Die Folgen der friedlichen Proteste in Belarus sind durch den Ukrainekrieg medial kaum noch präsent. Dabei bereitete die Niederschlagung der Zivilgesellschaft im nördlichen Nachbarland der Ukraine das Aufmarschgebiet für den russischen Aggressor vor, und viele geflohene oder in innerer Emigration lebende Belarussen versuchen, die Solidaritätserfahrung von vor zwei Jahren als geistiges Gut zu bewahren. Daran erinnerte jetzt der aus Belarus stammende Dirigent Vitali Alekseenok, designierter Ka­pellmeister der Deutschen Oper am Rhein Düsseldorf, der auch viel in der Ukraine arbeitet, mit einem Konzert im Rahmen der Ludwigsburger Schlossfestspiele. Der Abend namens „Die unvollendete Revolution“ würdigte insbesondere die Oppositionsführerin und Flötistin Maria Kolesnikowa, die eng mit Stuttgart verbunden ist und jetzt im Straflager von Gomel einsitzt.

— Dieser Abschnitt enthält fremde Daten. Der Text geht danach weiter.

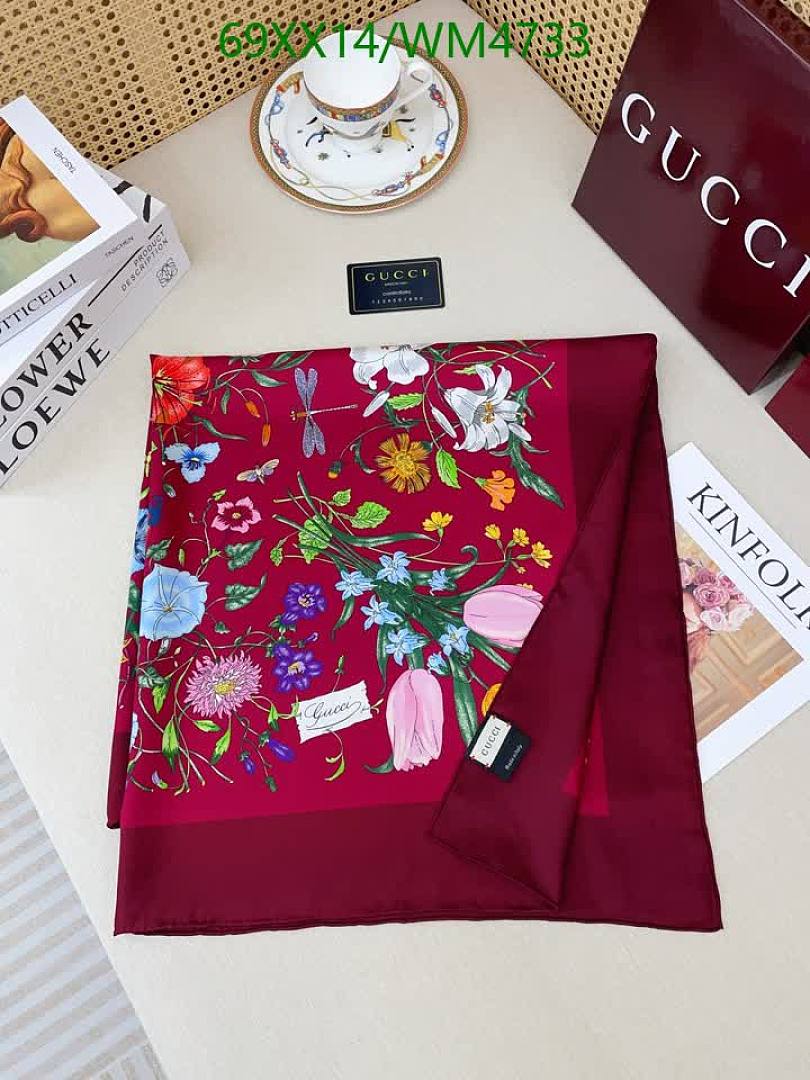 Gucci-Scarf Code: WM4733 $: 69USD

Als lyrisches Herzstück spielte Guillermo González das Solowerk „Air“ von Toru Takemitsu auf Kolesnikowas in Deutschland verbliebener Flöte und vergegenwärtigte durch den anmutig gebauten Monolog auch den freien Atem, den man den politischen Gefangenen in Belarus wünschen möchte. Flankierend verlas Alekseenok Passagen aus Kolesnikowas Briefen aus dem Gefängnis. Darin bezeugt sie, dass es in der Haft tatsächlich an Luft, an Musik und vielem anderen mangele, aber auch dass die Kunst und zumal die Musik, welche sie in ihrem Innern trage, sie in­spi­riere und stärker als die Angst oder das Böse mache.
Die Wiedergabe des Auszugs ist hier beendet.